If the AI capability is being built for a horizon of less than eighteen months — a tactical bridge while a different platform is being procured, a one-off campaign automation, an experimental pilot — shared embeddings are likely fine. The deployment will not run long enough for the portability cost of vendor lock-in to compound.
If the horizon is longer than three years, which is the case for any deployment that purports to be infrastructure, tenant-owned weights are the only architecture that survives the time horizon. By year three the vendor will have changed pricing, changed model defaults, or been acquired, and the deployment that depended on shared embeddings will need to be re-platformed under conditions the buyer no longer controls.
The hidden cost most CIOs underprice.
There is a fourth consideration that does not fit neatly into the decision tree but that determines whether the deployment compounds: the cost of corrective edits. Every editor-in-the-loop correction is a piece of institutional judgment. Over months, those corrections accumulate into something that looks like brand voice, decision policy, or domain expertise. The question is who owns the accumulated judgment.
On tenant-owned weights, the corrections are folded into the next fine-tune cycle, and the model that ships in month six embodies more institutional judgment than the model that shipped in month one. The output gets better not because the underlying model improved but because the buyer's specific judgment got encoded.
On shared embeddings, the corrections are typically applied at retrieval time — re-ranking, prompt steering, or vendor-side feedback. The accumulated judgment lives as a configuration on top of a model owned by someone else. When the vendor changes the underlying model, the configuration may or may not transfer. Often it does not. The buyer is left to re-encode the institutional judgment from scratch.
This is the asymmetry that determines whether a deployment compounds. We wrote about why compounding is the only AI ROI metric that survives audit precisely because this is where the gap shows up.
What this decision looks like in practice.
The Knyte install pattern is tenant-owned by default. We deploy a private 70-billion-parameter base model into the buyer's tenancy, fine-tune it against the buyer's corpus inside the buyer's environment, and write the resulting weights to storage the buyer controls. The trade-off is operational complexity, which we absorb on behalf of the install team during the ninety-day rollout. The benefit is that month nine looks materially different from month one, and the deployment survives any vendor's roadmap change.

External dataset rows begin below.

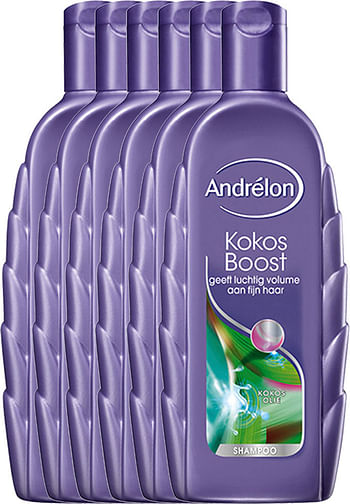 Aanbiedingen Andrelon Shampoo Kokos Boost Voordeelverpakking 6x300ml - Geldig van 07/01/2022 tot 21/01/2022 bij Drogisterij.net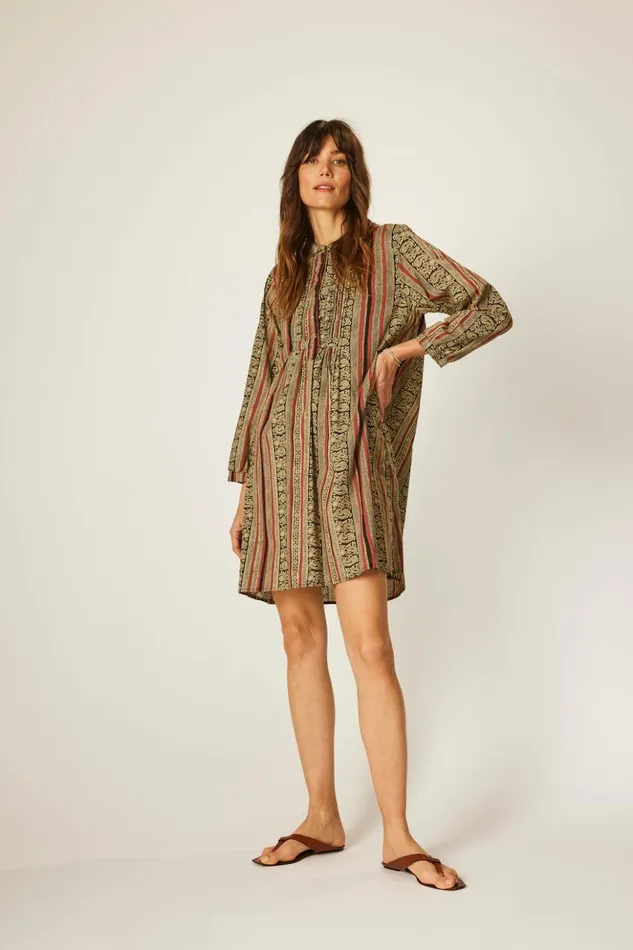 Sammie Short Dress Paisley Stripe Black Women Natalie Martin Dresses
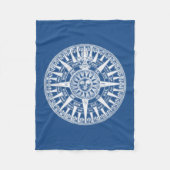 Kompass-Wind-Rosen-blaues Weiß Fleecedecke (Vorderseite)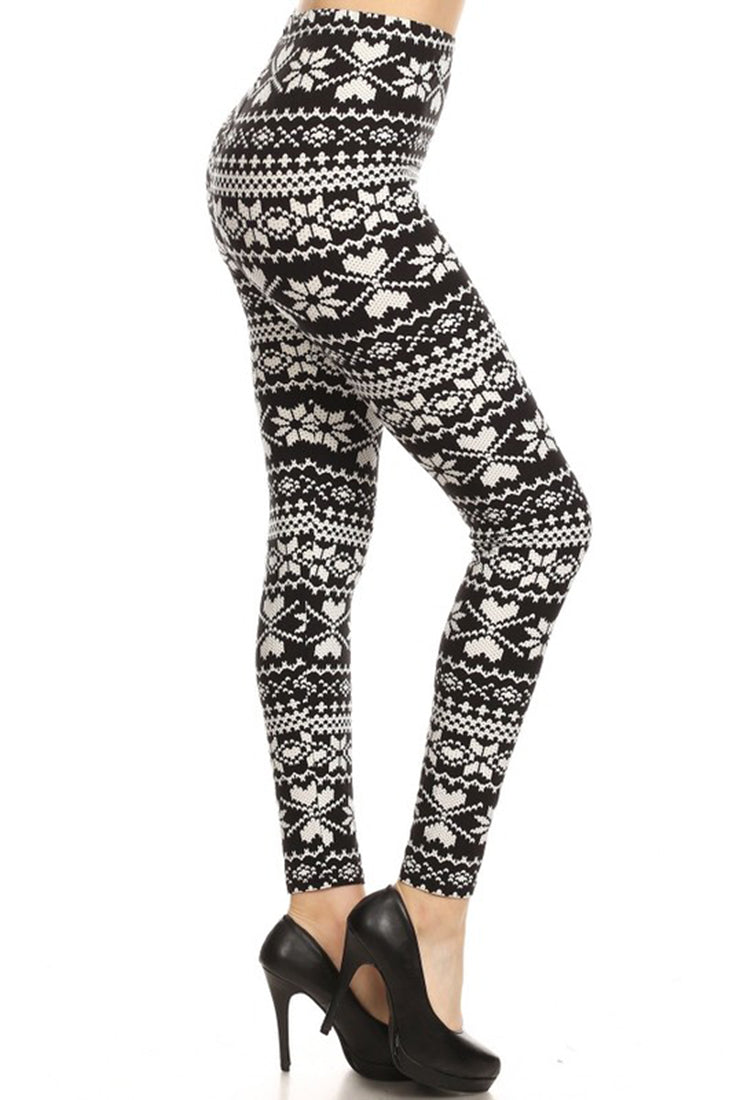 Niobe Clothing Black White Winter Isle Design Leggings - Leggings p_leggings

We do not think this architecture is the right answer for every deployment. Shallow workflows that genuinely live and die on the vendor's roadmap should sit on the vendor's roadmap. The point is to make the choice deliberately, with the data classification, the deployment depth, and the strategic horizon all on the table at the same time.
If you cannot remember the meeting where this decision was made on your current AI portfolio, the meeting did not happen. That is the most common pattern we find. The remediation is not heroic — it is a structured architecture review that puts the three questions on the table and forces an answer. It is the conversation we run on every install call. The answer is sometimes shared embeddings. More often, given the depth of the workflows our customers run, it is tenant-owned. The point is that the answer is reached, not inherited.